:: Exercise objective ::
In the data below, find the line containing "Hello guys, in" and the line containing "That's a pretty", then reproduce them and every line between, exactly. Omit pictures.

:: Supplied material ::

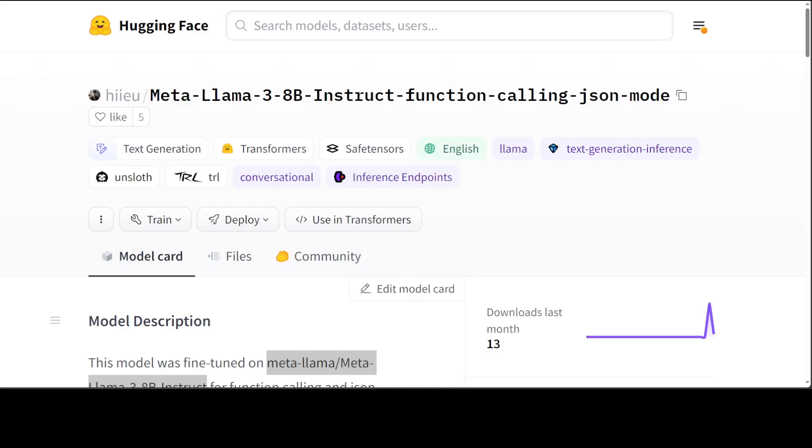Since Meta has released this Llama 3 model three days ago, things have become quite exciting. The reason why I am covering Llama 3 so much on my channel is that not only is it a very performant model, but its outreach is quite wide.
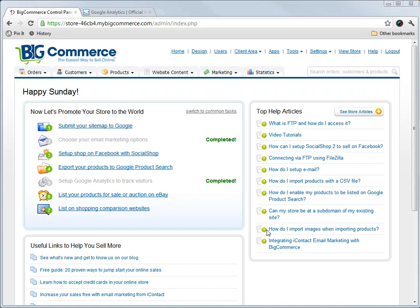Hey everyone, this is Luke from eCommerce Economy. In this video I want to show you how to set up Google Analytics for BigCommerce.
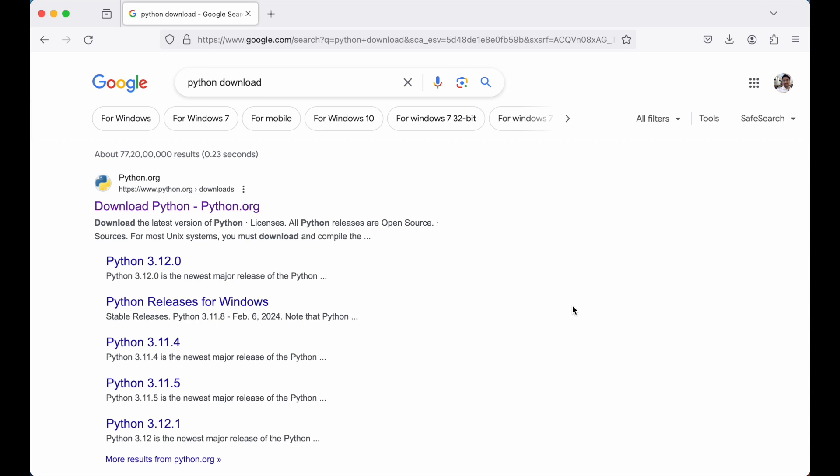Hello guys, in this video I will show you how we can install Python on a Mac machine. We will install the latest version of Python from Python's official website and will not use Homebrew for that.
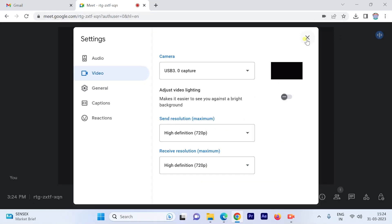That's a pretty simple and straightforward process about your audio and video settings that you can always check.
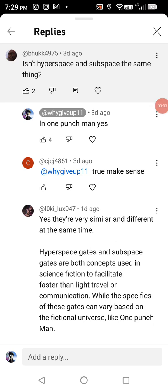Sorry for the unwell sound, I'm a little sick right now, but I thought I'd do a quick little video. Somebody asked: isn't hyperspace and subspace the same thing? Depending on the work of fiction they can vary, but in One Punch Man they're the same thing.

:: Result for this task ::
Hello guys, in this video I will show you how we can install Python on a Mac machine. We will install the latest version of Python from Python's official website and will not use Homebrew for that.
That's a pretty simple and straightforward process about your audio and video settings that you can always check.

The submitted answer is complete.